The idea of planting a garden in the White House goes back to WWII when Eleanor Roosevelt planted a victory garden encouraging people to grow their own because the food supply was unpredictable. The chef Alice Waters from California, who I admire a lot, had proposed to Bill and Hillary Clinton to plant an organic garden in the White House. They flirted with the idea but they didn’t do it. The Obamas understand that modern times dictate that you need to eat locally, which means in your own garden, and healthfully. They are models of that. I think maybe he’s a little too extreme. I would like to see him eat something that would give him a little pleasure. She seems to enjoy her food more and you can tell. 

They are great Italian food fans, too.  
Yes, they are, as I am. But what I want Americans to understand that while I love Italian food more than anything else, we live in America. So I would recommend following Italian models, but sometimes the models mean eating the fish that you find in the Atlantic, Pacific or the Gulf of Mexico or in lakes or rivers; and eating vegetables that are grown here. Now there are many products such as pasta, olive oil, beautiful espresso coffee, wine and many things that come from Italy that we do not do as well. I always wanted to buy those things; but I would not encourage people to buy water from elsewhere in the world, when we can keep our own water pure and drink it locally.

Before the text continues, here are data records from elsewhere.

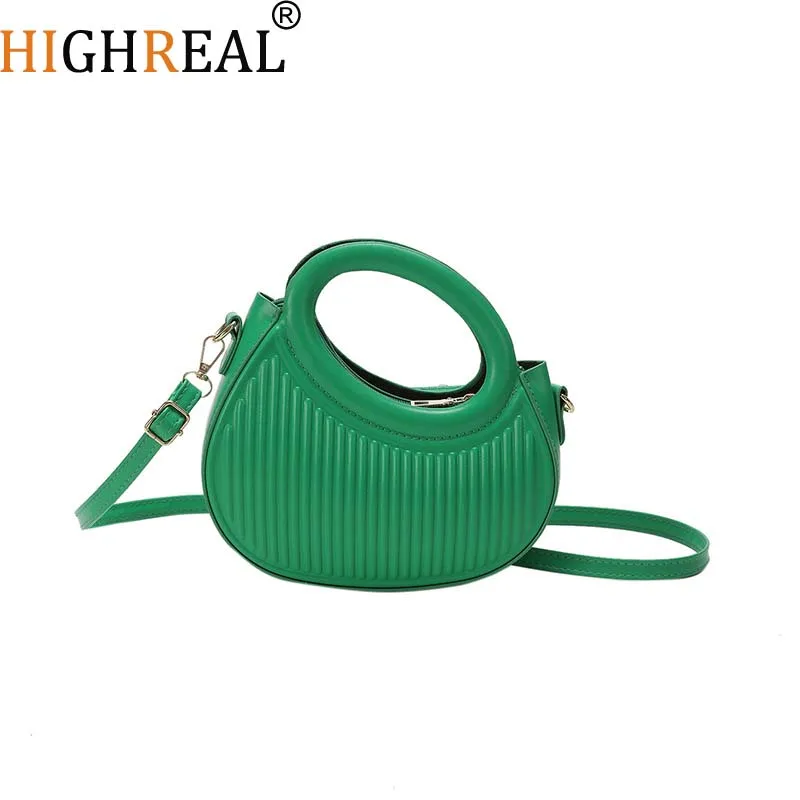 

Hot Selling Women Small Square Handbags High Quality Ladies Messenger Bag Women Spring Popular New Trend Fashion Shoulder Bag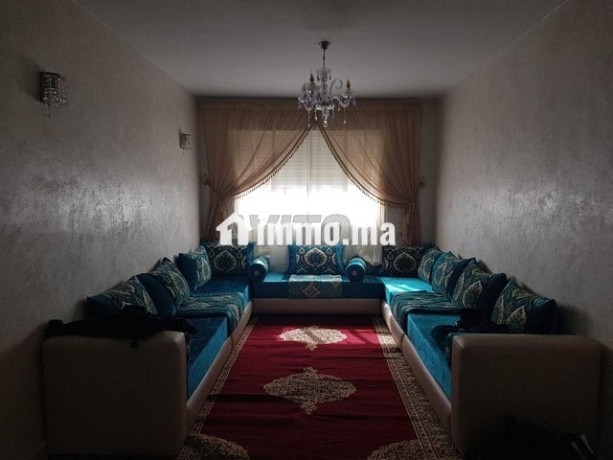 appartement-meuble-a-louer-longue-duree-big-2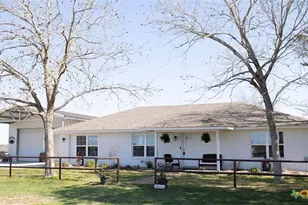 8652 State Hwy 111 W, Yoakum, TX 77995 - Photo 4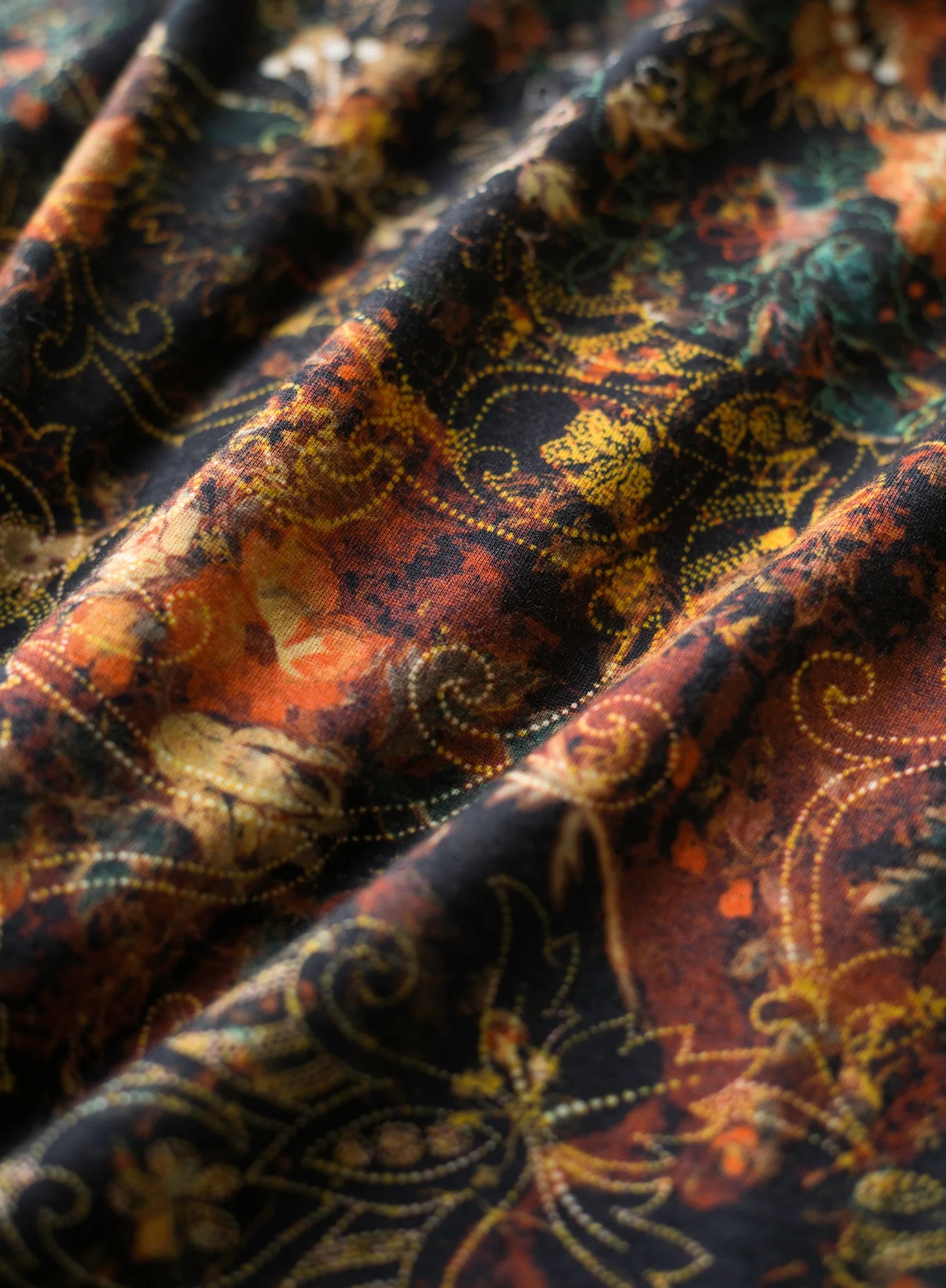 Nyx Dress - Image 3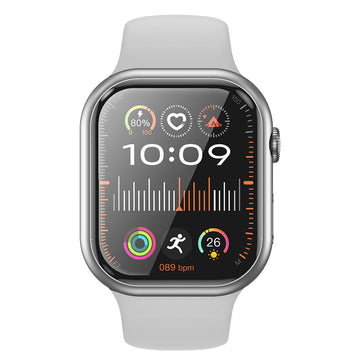 Y23 Smart Sports Watch (call version)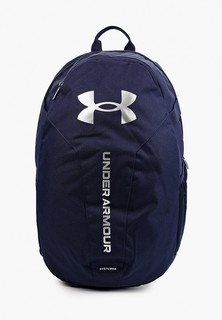 Рюкзак Under Armour UA Hustle Lite Backpack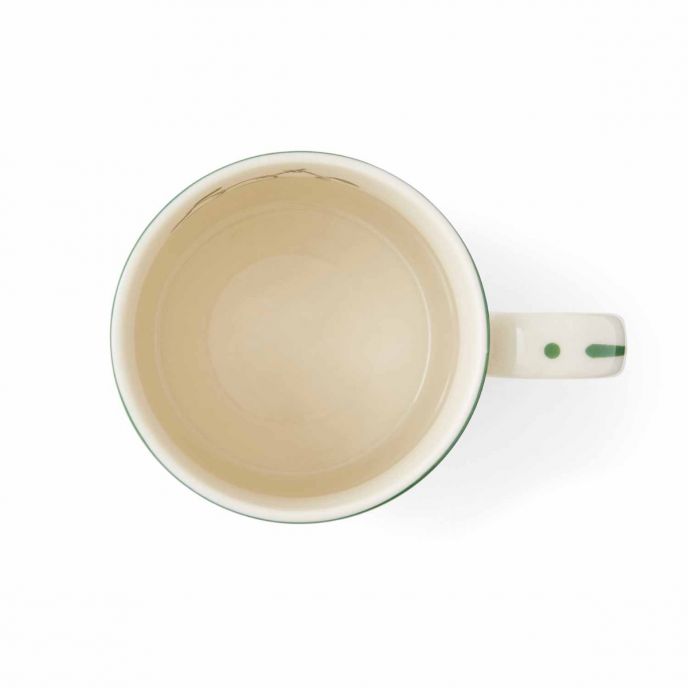 Christmas Tree Mug 250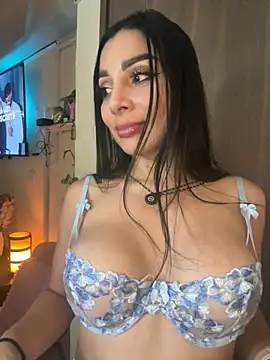 MOMALANA online show from 04.17.26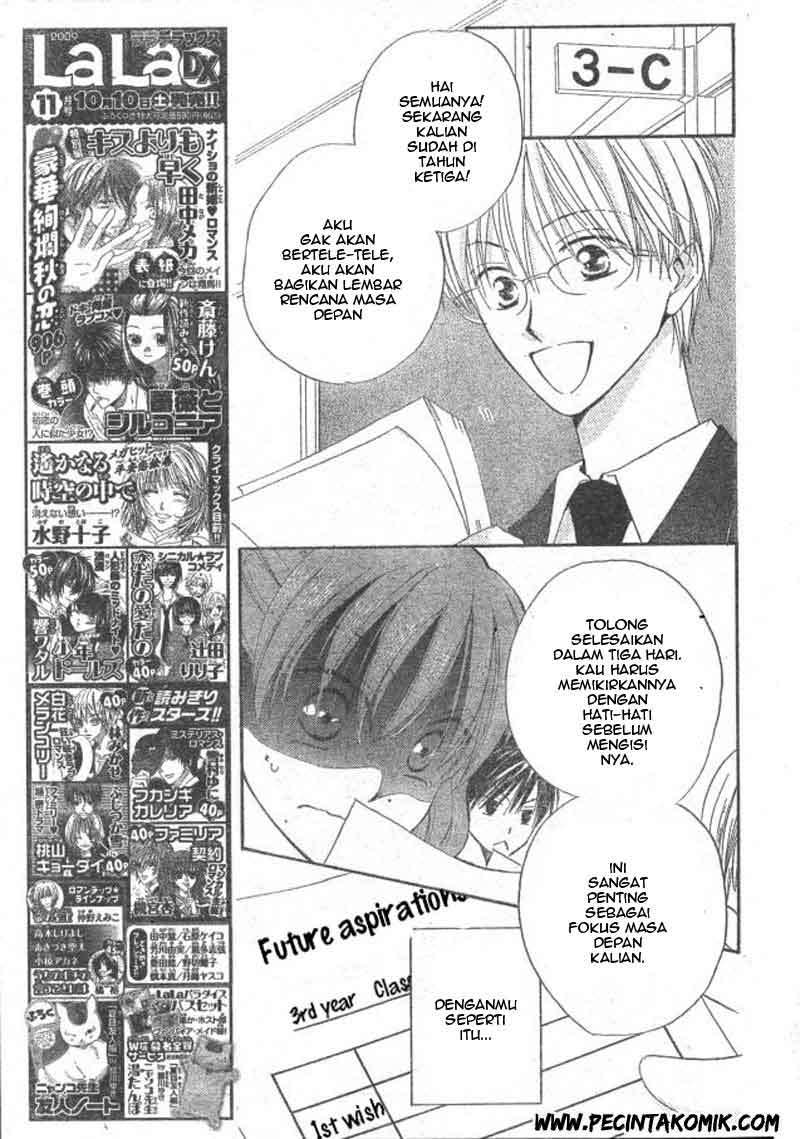Chapter 29 - halaman 7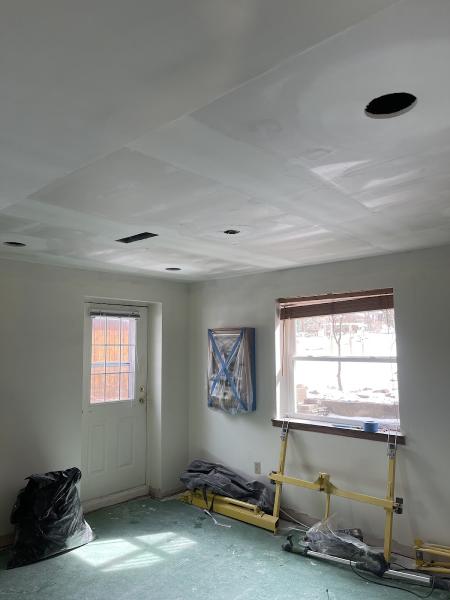 W.c.construction Inc.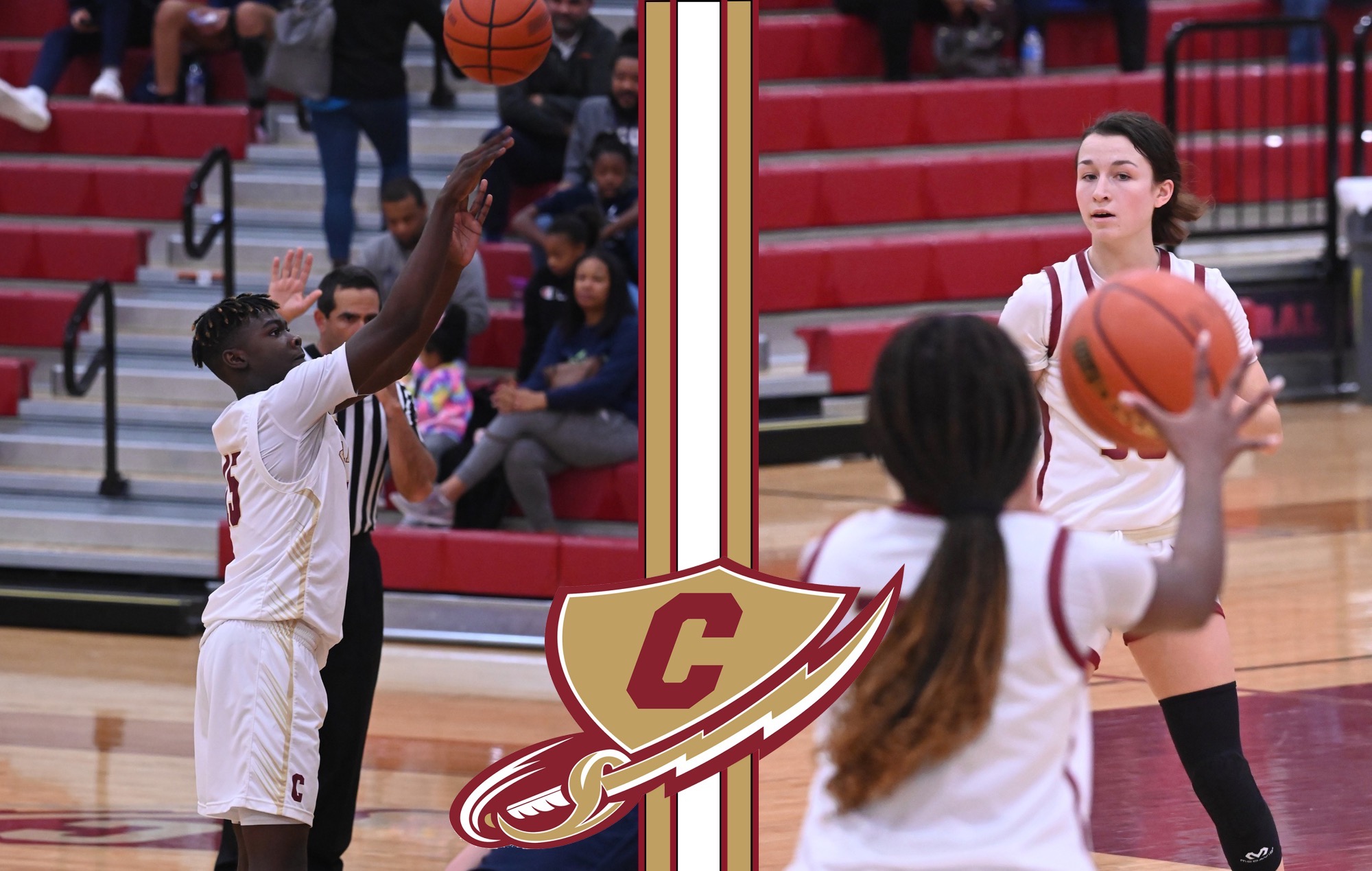 Basketball_Season Preview_2023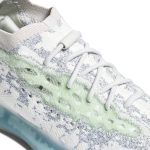 adidas Yeezy Boost 380 ‚Alien Blue‘ GW0304 Skidge Store
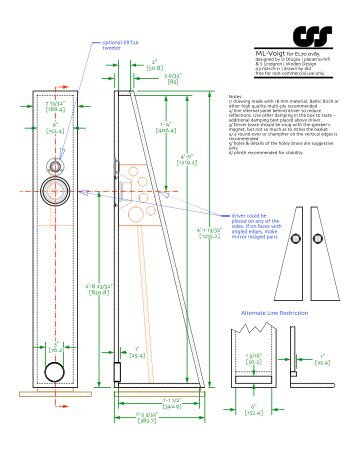 2'-8 23/32" [830.8] 4'-0" [1219.2] 3 9/32" [83] 6" [152.4] 1'-3 3/32 ...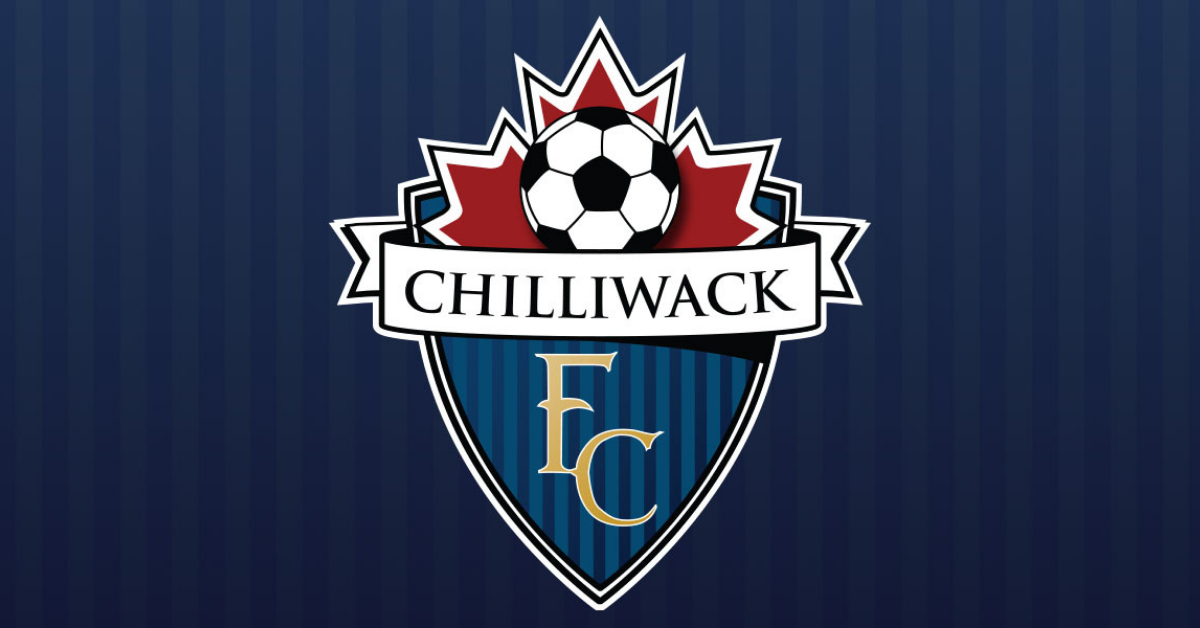 chilliwackfc.com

That’s just better for the environment. Anyone who loves their children, and loves other people’s children, has to respect the environment. Even though I don’t have children I understand the importance of their future. Americans understand that to some degree but they have not yet learned how to completely respect the environment in relation to our children’s future. The Obamas understand this, but they don’t have a background in this.

Italians, who live in a densely populated country, and who have had to live on what’s nearby, have understood this for thousands of years. That’s why I love and respect the Italian model of eating. And I think what the Obamas are trying to do is emulate that. The fact that Italian food tastes so good and has so much knowledge behind it is another good thing to emulate. So Italian food, whenever possible, should also be augmented by other local products.  

The Italian Trade Commission is doing a great deal to protect Italian products here in America. What is your opinion on counterfeit products?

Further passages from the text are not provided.